In announcing his bid for the presidency this week, billionaire businessman Terry Gou (郭台銘) turned inwards, speaking to his fellow opposition candidates about the need to line up behind his candidacy. This was in marked contrast to Lai Ching-te (賴清德), the candidate for the current Democratic Progressive Party (DPP) government, who has spent the last few weeks speaking to those outside Taiwan about how he sees its future.
Lai kicked off his outward-facing pitch with an article in the Wall Street Journal last month. The key content here, repeatedly emphasizing “peace and stability,” was a “four-pillar plan for peace”: building up Taiwan’s deterrence; building economic security — particularly diversifying trade away from reliance on China; forming partnerships with democracies around the world; and offering “steady and principled cross-strait leadership” while “support[ing] the cross-strait status quo.”

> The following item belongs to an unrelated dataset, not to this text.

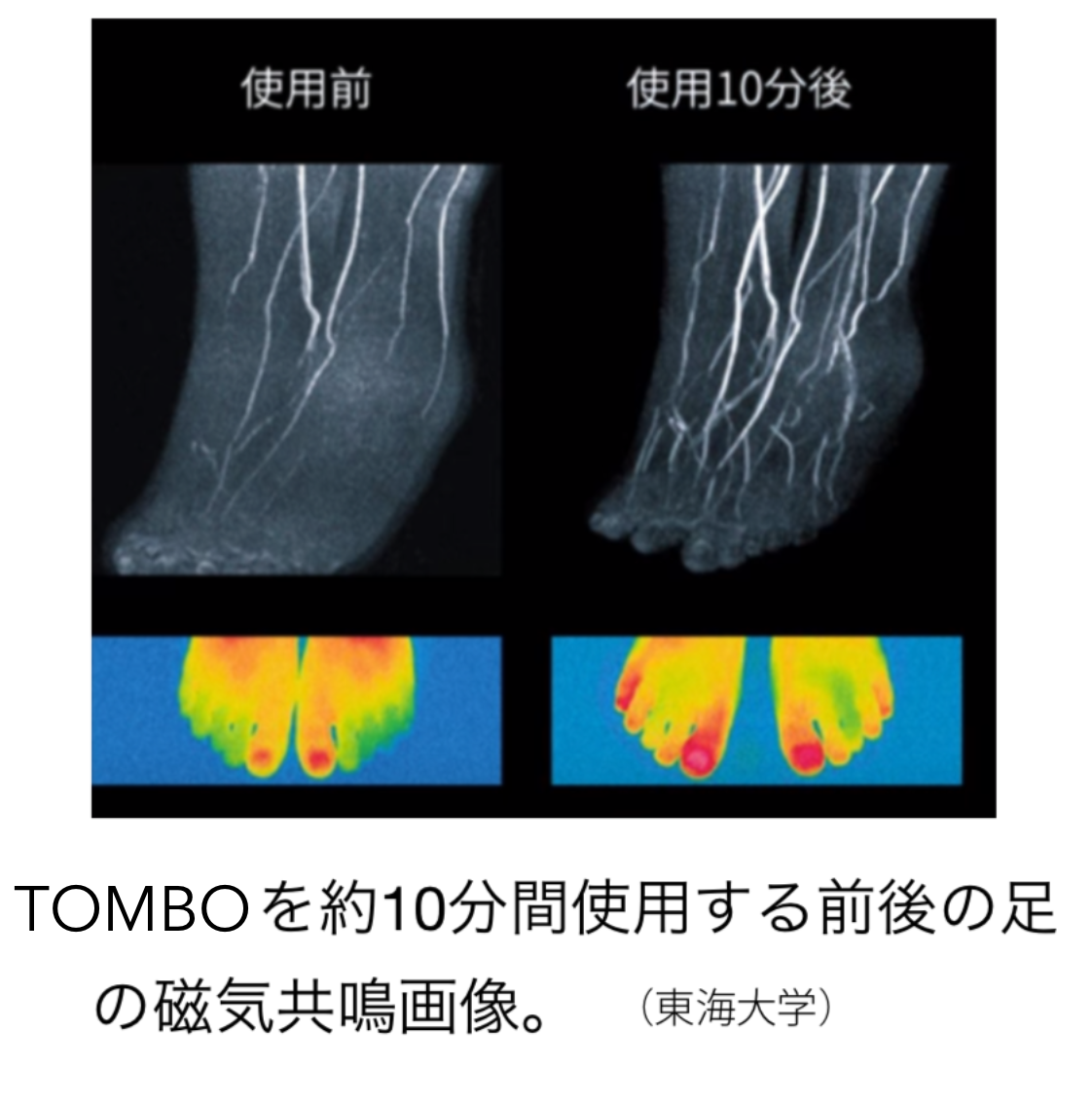 Tombo をわずか10分使用した後の足のMRIのビフォーアフター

The explanation for the last of those pillars is the most contentious. Lai wrote that he would “never rule out the possibility of dialogue without preconditions,” but critiqued the so-called “1992 consensus.” Broadly seen as “an understanding reached in a 1992 meeting between Taiwan’s then-ruling [Chinese Nationalist Party (KMT)] and Beijing that both sides recognize there is only ‘one China,’” Lai wrote that “Mr. Xi [Jinping] himself has called [it] a road map for unification.” This positions Lai directly at odds with KMT candidate Hou You-yi (侯友宜), who said in July that he supported the “1992 consensus” as long as it was compatible with the Republic of China (ROC) Constitution.
After that article came a speech during a stop off in the U.S., sandwiched between remarks about his trip to Paraguay. The remarks before and after the Paraguay trip focused on “strengthen[ing] the friendship between Taiwan and Paraguay” within a framework of expanding relationships with others who share Taiwan’s values of “freedom, democracy, and respect for human rights.” But the U.S. speech had quite a different emphasis.

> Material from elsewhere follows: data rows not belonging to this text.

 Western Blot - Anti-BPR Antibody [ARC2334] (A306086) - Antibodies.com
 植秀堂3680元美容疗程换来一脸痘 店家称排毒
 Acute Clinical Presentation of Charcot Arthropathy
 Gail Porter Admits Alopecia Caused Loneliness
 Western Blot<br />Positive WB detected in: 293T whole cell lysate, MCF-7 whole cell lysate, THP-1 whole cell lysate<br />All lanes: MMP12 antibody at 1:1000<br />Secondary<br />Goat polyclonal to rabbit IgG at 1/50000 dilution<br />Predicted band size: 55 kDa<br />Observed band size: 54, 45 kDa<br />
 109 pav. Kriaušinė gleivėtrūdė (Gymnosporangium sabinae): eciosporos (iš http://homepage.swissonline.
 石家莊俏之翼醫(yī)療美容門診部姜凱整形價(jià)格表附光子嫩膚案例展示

In the U.S., on top of obligatory references to Taiwan’s vibrant democracy and the ambition to stand shoulder-to-shoulder with the global democratic community, Lai gave notably detailed examples of the connection between Silicon Valley and Taiwan’s tech industry. He noted how 36 percent of the iPhone’s components in terms of cost are made in Taiwan, 75 percent of Tesla’s automotive parts are provided by Taiwanese manufacturers, over 80 percent of the world’s notebook computers come from Taiwan, and 90 percent of the global market for servers used in generative AI is held by Taiwan.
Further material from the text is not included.